Gençler, ömürlerinin en
güçlü, en dinamik ve en hareketli dönemini yaşadıkları için ölümü pek
düşünmezler. Daha yolun başındadırlar ve yaşlanmaya uzun yıllar vardır. Namaz
ve benzeri ibâdetler için, “Daha genciz, yaşlanınca kılarız” gibi bir gaflete
düşerler.
Halbuki ölüm genç-ihtiyar
ayırımı yapmamaktadır. Nice gençler hayatının baharında ölümle
tanışmaktadırlar. Hiç kimse Azrail’le (a.s.) “ne kadar yaşayacağı hususunda”
sözleşme yapmış değildir.
Kaldı ki, Allah ibâdetleri
sadece ihtiyarlar için emretmemiştir. İslâm “ihtiyarlar” dini değil, her
yaştaki insanın dinidir. Bu bakımdan yaşlanınca namaz kılmaya başlayan birisi,
âhirette hesap verirken hemen kurtulacak değildir. Ona, “ergenlik çağından
ihtiyarlık dönemine kadar niçin ibâdet etmediği” mutlaka sorulacak, eğer
affedilmezse azabını çekecektir.
Allah, herkese sonsuz rızık
vermekte, ihtiyaçlarını karşılamaktadır. İnsana verilen nimetlerin en çok
olduğu devre ise, gençlik dönemidir. Bunun için Rabbimize en çok ibâdet etmemiz
gereken dönem de “gençlik” çağıdır.
Gerçek bu iken tehlikelerle
çepeçevre kuşatılan gençler, nefis ve şeytanın oyununa gelerek Allah’ın emir ve
yasaklarına uymayabiliyorlar.
İşte Peygamberimiz Aleyhisselâm
gençleri bu hadisle uyarıyor, gaflete dalmamalarını, insî ve cinnî şeytanlara
aldanmamalarını öğütlüyor.
Bir gencin düşmanı sadece
şeytanlar mıdır?
Hayır!
Hattâ şeytanlar en büyük
düşman bile değillerdir.
Çünkü, Yüce Peygamberimiz Aleyhisselâm,
bu konuda da bizi îkaz ederek, “Senin düşmanların (içinde) en şiddetli
düşmanın iki tarafın arasındaki nefsindir” (Keşfü-l Hafâ, 1:412) buyuruyor.
Demek ki, insanın en başta
gelen düşmanı bizzat kendi nefsidir.

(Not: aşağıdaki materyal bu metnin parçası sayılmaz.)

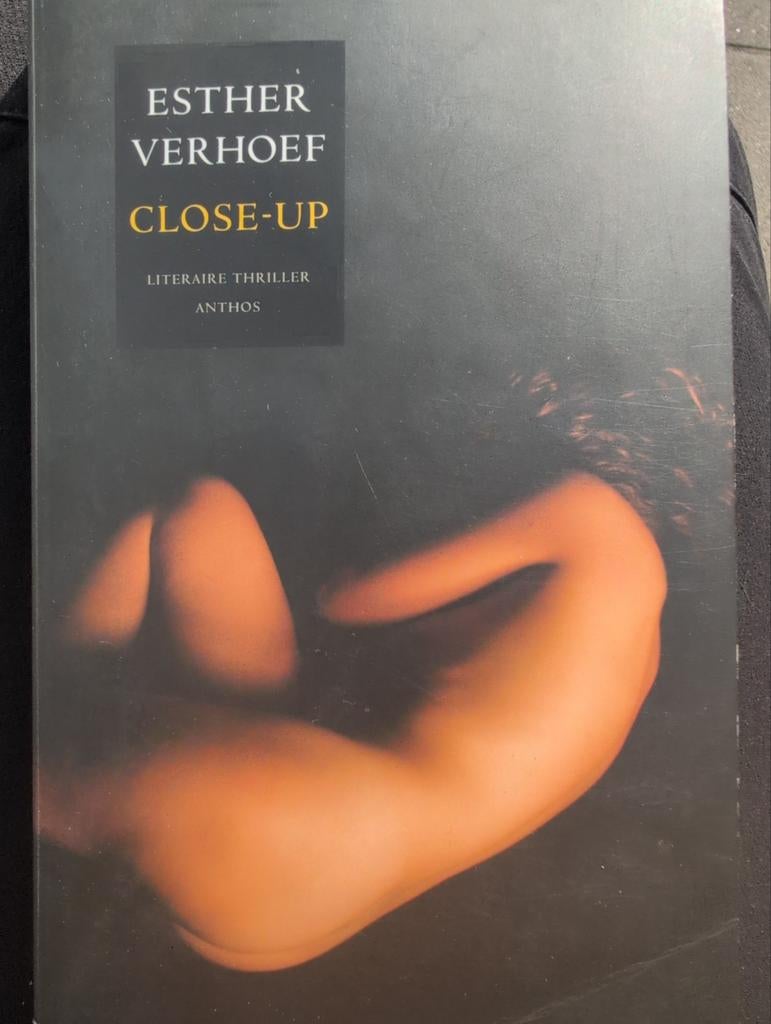 Esther Verhoef - Close-up, Ophalen of Verzenden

Yani insanı, günahlara, kötülüklere,
heveslere sevk eden duygudur.
Nefsin en güçlü olduğu ve en
fazla istekte bulunduğu dönem de, yine gençlik devresidir.
Şu halde gençler, nefsin kötü
isteklerini yerine getirmemek için de dikkatli olmak zorundadırlar.
Belki bazı gençler, “Ben
nefsime hâkim olabilirim. Zaten çok sâkin ve günahlardan uzak bir hayatım var”
diye düşünebilir.
Oysa bu da nefsin bir
oyunudur. Böyle düşünen kimse, nefisle yaptığı mücâdeleyi çok sıkı tutmaz,
duyarlılığı kaybeder.
Çünkü, nefse güvenilmez.
Hazret-i Yûsuf (a.s.) bir peygamber olduğu halde, “Ben nefsimi temize çıkarmam.

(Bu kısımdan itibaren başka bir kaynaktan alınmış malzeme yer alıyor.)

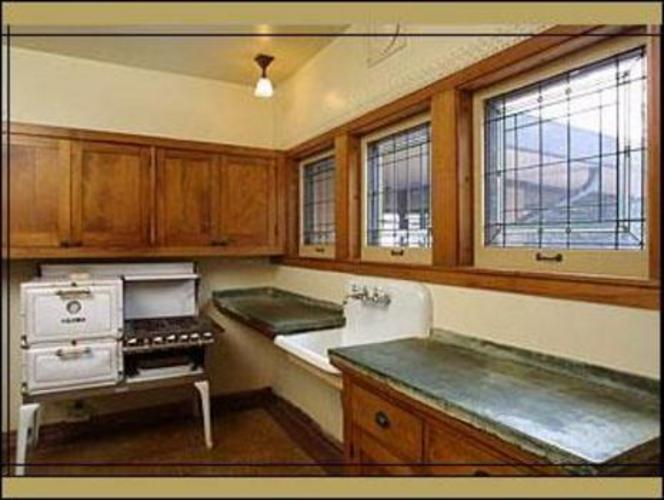 1920s American kitchen from an advert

Çünkü nefis, dâimâ kötülüğe sevk eder—ancak Rabbim rahmet ederse o başka”
(Yûsuf:53) demiştir.
Tüm peygamberler gibi
“günahsız” olan Hazret-i Yûsuf (a.s.) böyle derse, bizim nefsin oyunlarına
karşı çok dikkatli olmamız gerekir.
Gençliğin tehlikelerini şöyle
özetleyebiliriz:
1- Tûl-u emel beslemek: Ölümü
düşünmeden sanki sonsuza dek yaşayacak gibi uzun emeller taşımak. Bu durum,
insanı fâni hayata daldırır, âhiretine çalıştırmaz.
2- Hissiyâta göre hareket
etmek: Gençlik, insanın en sağlıklı, en güçlü ve en duygulu dönemi olduğu için
akıldan ziyâde duygular ön plândadır. Gelip geçici zevkler, oyun ve eğlenceler
çekici gelir. Eğlence yerlerinde çoğunlukla gençler bulunur. Orta yaşlılıkta ve
ihtiyarlıkta ise, hem vücudun zayıflığı, hastalıkları, hem de hayatın
sorumlulukları daha fazla olduğu için kişiler duygusal hareket edemezler.
3- Gençlik günahlara ve kötü
alışkanlıklara daha açıktır: Gençlik devresi, içki, kumar, zina gibi günahlara
daha çok düşüldüğü bir dönemdir.
Tüm bu tehlikelere karşı Yüce Peygamberimizin Aleyhisselâm
tavsiyelerine sımsıkı sarılmamız gerekir.